With the newly-elected representatives the Union can now turn its full attention into representing our views – the views of the students at College – at important College meetings, such as departmental and Faculty level staff-student committees and liaison groups. Rather than switching off after yet another election, this is the time where you should remain critically engaged. Imperial students are known for being apathetic. In the past we haven’t raised our heads when our courses are changed against our best interests, and we’ve accepted poor pastoral care and academic teaching. We see ourselves as customers of a rigidly pre-defined educational product that is set in stone and cannot be changed: a stepping stone on the way to a cosy job in Canary Wharf or the Square Mile. It’s something that has been forced on us by society by the increase in tuition fees and other government policy affecting universities. College, with its increasingly corporate attitude, certainly isn’t helping.

“In the past, we haven’t raised our heads when our courses are changed against our best interests, and have accepted poor pastoral care”

We’re seeing all parts of our community, staff, and students, calling out poorly-made decisions by opaque divisions in Sherfield. In meetings with senior departmental and Faculty staff, we often find ourselves on the same page with the people we represent your views to. They’re just as confounded at the poor response and engagement as we are, and are willing to make sweeping and positive changes. They just need to know what changes we want them to make.

Your Academic and Wellbeing representatives are the conduit between you and your Departmental staff, the people who you have chosen to be the trusted voices of your cohort. Their views and their complaints will be taken seriously, and anything they raise in an official forum will be considered and dealt with. However, they need to know about the issues and problems that you face in your course so that they can act. So I issue the following call to action.

We need a culture change here at Imperial. We all need to become more active participants in our own learning, celebrating the best in educational practice and calling out poor practice that is in need of improvement. In the aftermath of this election season, make sure to find out who your Year and Department Representative are.
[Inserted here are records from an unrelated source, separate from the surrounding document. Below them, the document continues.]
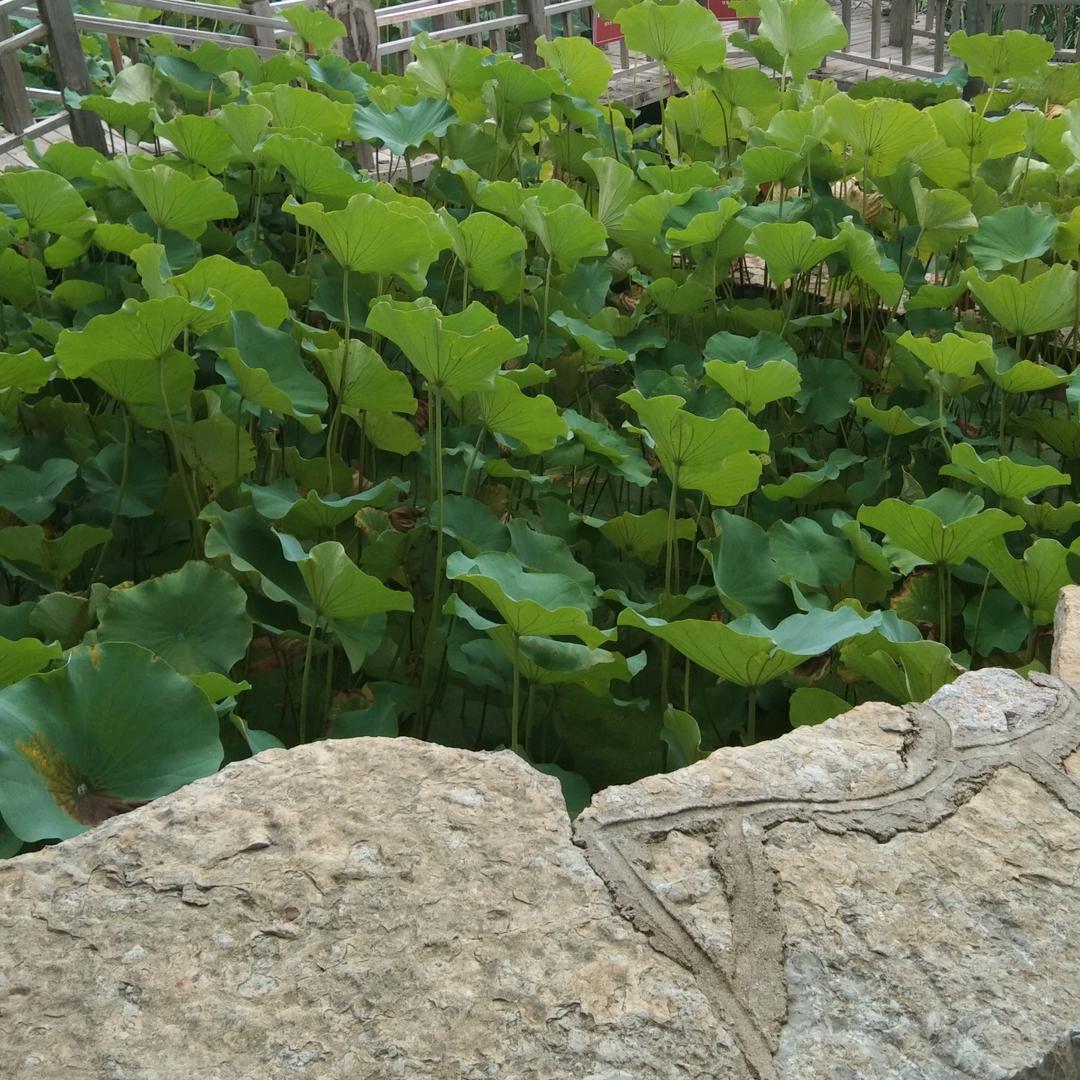 艳红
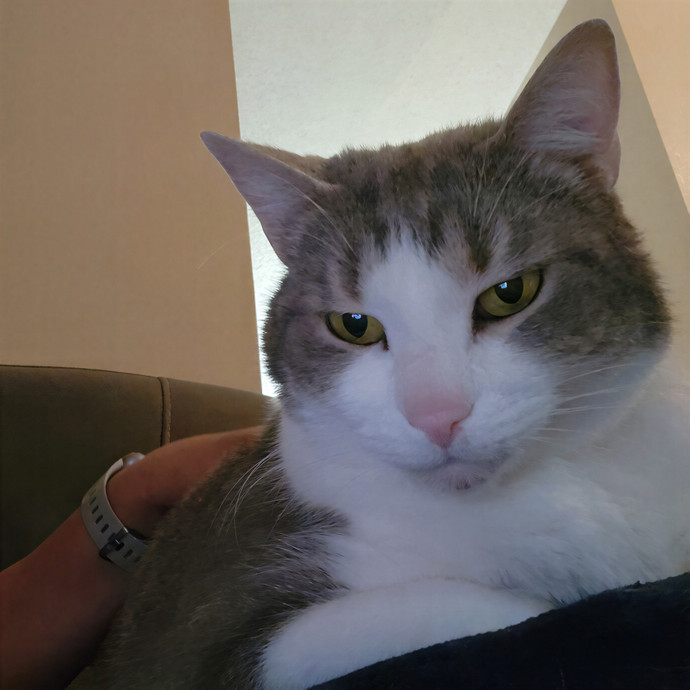 Pawesome And Purrtastic Cat Sitting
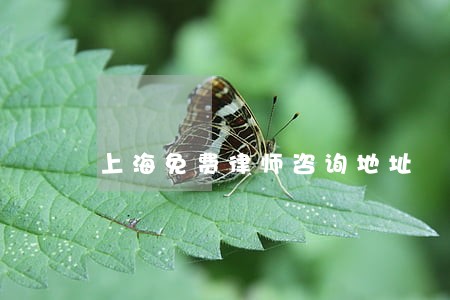 上海免费律师咨询地址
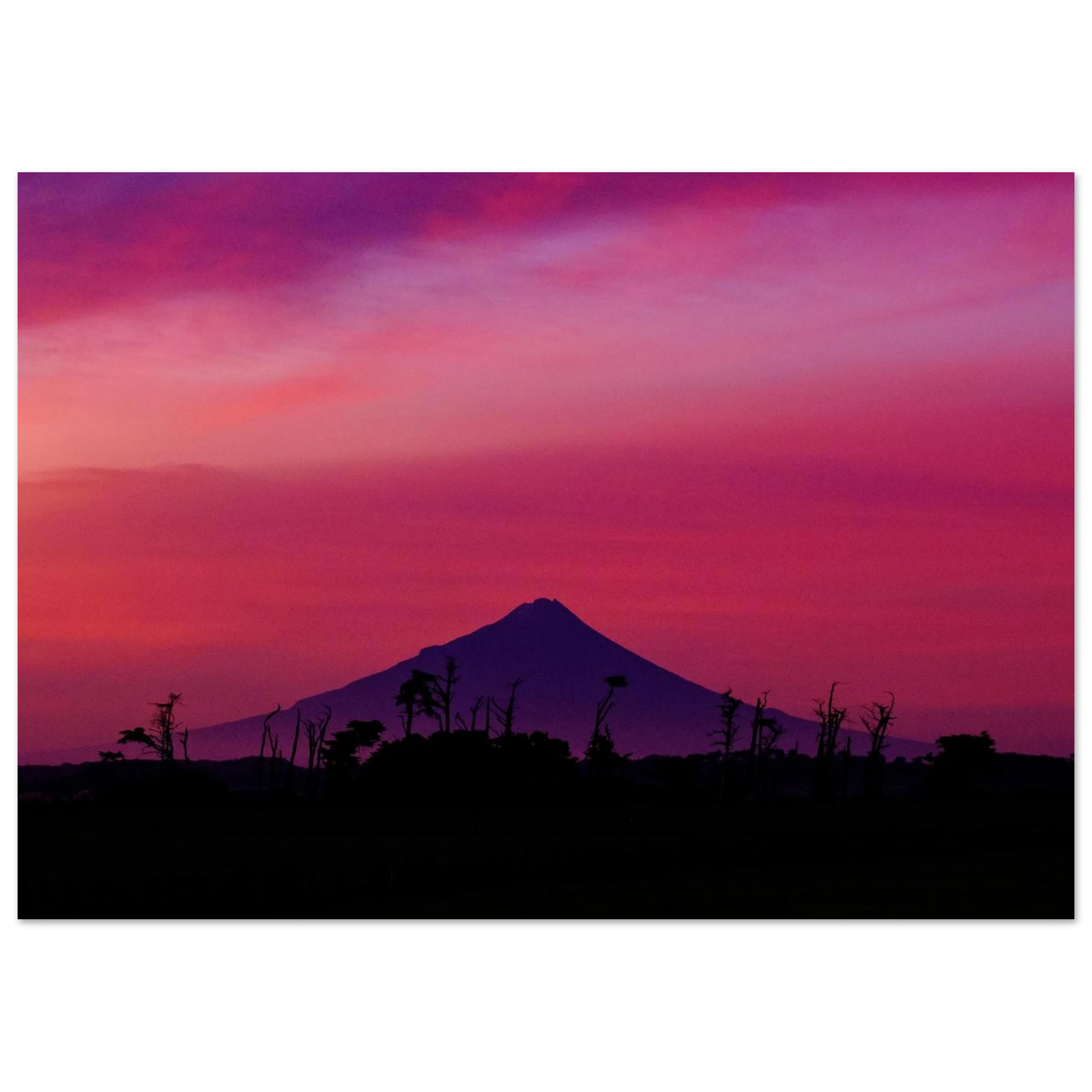 f5b647b5-b0be-4fcd-9388-f5665f0f39c7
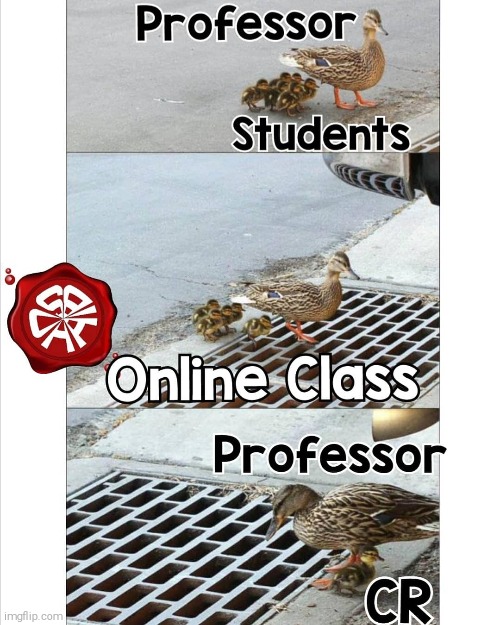 Online Classes | image tagged in online,class,funny,memes,professor | made w/ Imgflip meme maker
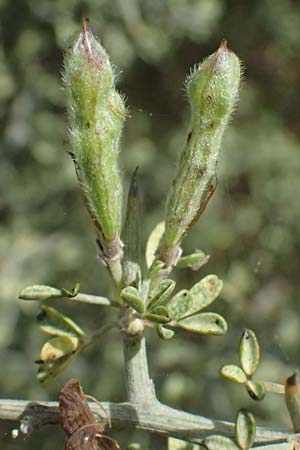 Calicotome villosa \ Behaarter Dorn-Ginster, Kefalonia Kap Mounda 17.4.2024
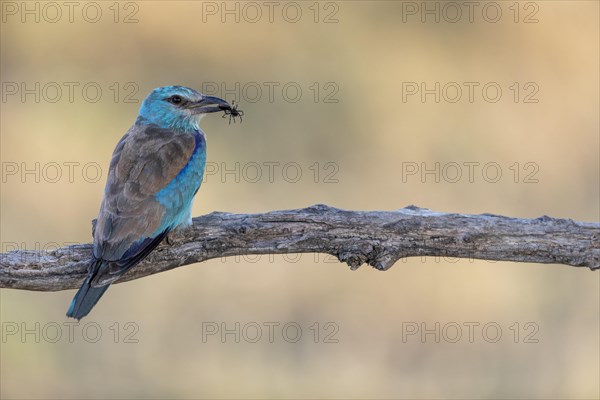 European roller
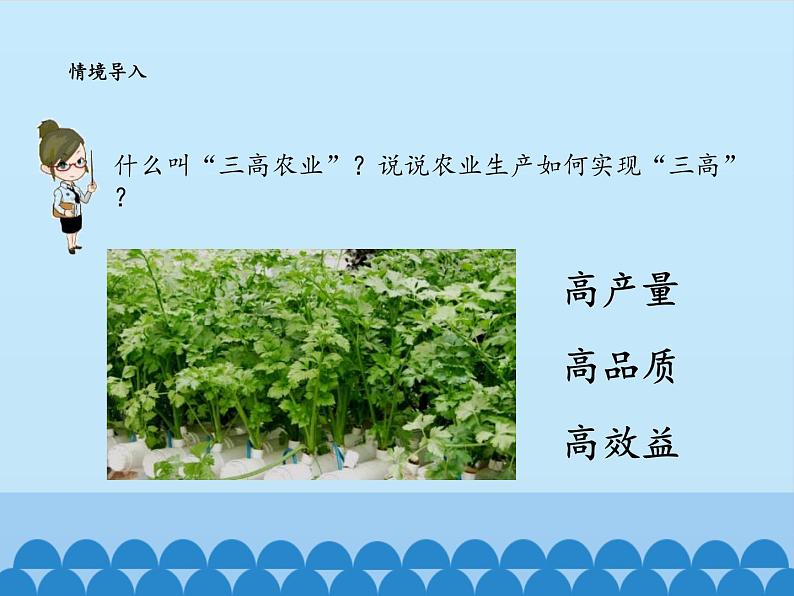 鲁教版(五四制)地理七年级上册 4.2 农业-_1(课件)第4页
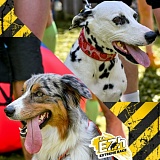 Gavki Spring Race, Григорчиково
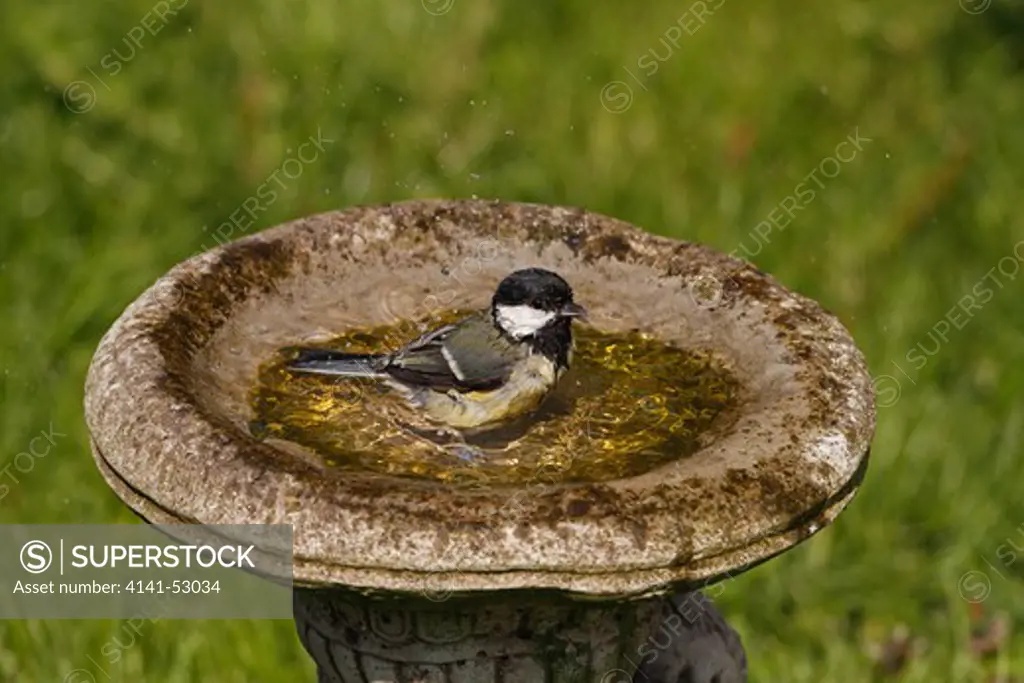 Great Tit (Parus Major) Bathing In Bird Bath In Garden Cheshire Uk April  1610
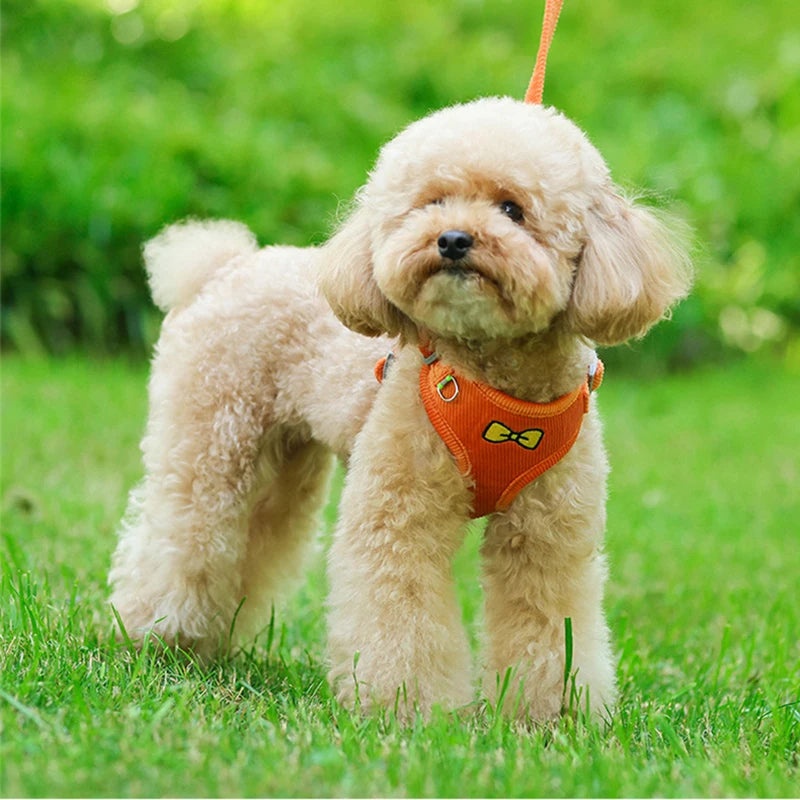 Summer corduroy harness for dogs and cats, vest, leash for walking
Try and identify them, and introduce yourself to them. Whenever you have an issue with coursework or a lecture course, bring it up with them – it’s likely that other people will have the same issue, and your rep is just waiting for enough evidence to act. Never assume that someone else will complain for you – always stand up and point out where something feels like it could be made better. It’s not just on us though: academic staff need to see us as partners in our learning and the wider ‘Imperial experience’ rather than adversaries or whiny children. We know how best we learn, and by banding together and voicing what we think, we can effect change for the better.

We need to remember that democracy isn’t just voting every now and then for our representatives and delegating all responsibility to them. Democracy is being able to continue having your own voice heard after you’ve left the polling booth. My goal for this year is to expand and broaden democracy within the Faculty of Natural Sciences by upholding this principle and ensuring you can continuously and effectively have your voice heard through your representatives, and I call upon the other Constituent Unions – and you, the student body – to join us in our endeavour to truly make Imperial College Union the most democratic Student’s Union in the UK.